▶ ENTRIES PROVIDED

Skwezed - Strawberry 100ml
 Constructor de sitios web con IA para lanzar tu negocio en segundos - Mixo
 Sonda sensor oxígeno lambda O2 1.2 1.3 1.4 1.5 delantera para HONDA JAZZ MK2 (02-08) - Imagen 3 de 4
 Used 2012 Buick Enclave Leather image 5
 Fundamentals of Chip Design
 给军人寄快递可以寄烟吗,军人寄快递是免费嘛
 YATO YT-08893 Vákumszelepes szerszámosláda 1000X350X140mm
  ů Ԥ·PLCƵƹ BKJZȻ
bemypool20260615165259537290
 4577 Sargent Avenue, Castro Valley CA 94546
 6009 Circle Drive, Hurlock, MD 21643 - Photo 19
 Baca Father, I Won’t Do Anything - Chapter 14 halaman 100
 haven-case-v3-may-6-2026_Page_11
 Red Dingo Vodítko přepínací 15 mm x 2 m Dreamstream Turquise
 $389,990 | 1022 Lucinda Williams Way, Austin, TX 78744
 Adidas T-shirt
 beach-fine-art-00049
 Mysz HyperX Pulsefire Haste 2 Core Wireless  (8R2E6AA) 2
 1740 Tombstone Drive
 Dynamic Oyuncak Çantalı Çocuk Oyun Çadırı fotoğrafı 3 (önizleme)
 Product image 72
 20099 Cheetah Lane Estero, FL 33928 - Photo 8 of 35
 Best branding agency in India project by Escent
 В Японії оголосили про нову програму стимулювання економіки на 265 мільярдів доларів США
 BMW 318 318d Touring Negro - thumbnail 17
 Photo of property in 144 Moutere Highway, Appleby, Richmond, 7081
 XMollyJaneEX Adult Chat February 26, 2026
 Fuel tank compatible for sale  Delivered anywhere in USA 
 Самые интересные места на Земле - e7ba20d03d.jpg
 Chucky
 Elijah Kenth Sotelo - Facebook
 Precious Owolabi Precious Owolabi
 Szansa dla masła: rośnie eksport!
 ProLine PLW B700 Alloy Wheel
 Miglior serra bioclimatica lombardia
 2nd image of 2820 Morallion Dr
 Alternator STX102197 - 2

▶ WORK INSTRUCTIONS
Nothing in the listing should change; repeat it in full.

▶ TASK RESULT
Skwezed - Strawberry 100ml
 Constructor de sitios web con IA para lanzar tu negocio en segundos - Mixo
 Sonda sensor oxígeno lambda O2 1.2 1.3 1.4 1.5 delantera para HONDA JAZZ MK2 (02-08) - Imagen 3 de 4
 Used 2012 Buick Enclave Leather image 5
 Fundamentals of Chip Design
 给军人寄快递可以寄烟吗,军人寄快递是免费嘛
 YATO YT-08893 Vákumszelepes szerszámosláda 1000X350X140mm
  ů Ԥ·PLCƵƹ BKJZȻ
bemypool20260615165259537290
 4577 Sargent Avenue, Castro Valley CA 94546
 6009 Circle Drive, Hurlock, MD 21643 - Photo 19
 Baca Father, I Won’t Do Anything - Chapter 14 halaman 100
 haven-case-v3-may-6-2026_Page_11
 Red Dingo Vodítko přepínací 15 mm x 2 m Dreamstream Turquise
 $389,990 | 1022 Lucinda Williams Way, Austin, TX 78744
 Adidas T-shirt
 beach-fine-art-00049
 Mysz HyperX Pulsefire Haste 2 Core Wireless  (8R2E6AA) 2
 1740 Tombstone Drive
 Dynamic Oyuncak Çantalı Çocuk Oyun Çadırı fotoğrafı 3 (önizleme)
 Product image 72
 20099 Cheetah Lane Estero, FL 33928 - Photo 8 of 35
 Best branding agency in India project by Escent
 В Японії оголосили про нову програму стимулювання економіки на 265 мільярдів доларів США
 BMW 318 318d Touring Negro - thumbnail 17
 Photo of property in 144 Moutere Highway, Appleby, Richmond, 7081
 XMollyJaneEX Adult Chat February 26, 2026
 Fuel tank compatible for sale  Delivered anywhere in USA 
 Самые интересные места на Земле - e7ba20d03d.jpg
 Chucky
 Elijah Kenth Sotelo - Facebook
 Precious Owolabi Precious Owolabi
 Szansa dla masła: rośnie eksport!
 ProLine PLW B700 Alloy Wheel
 Miglior serra bioclimatica lombardia
 2nd image of 2820 Morallion Dr
 Alternator STX102197 - 2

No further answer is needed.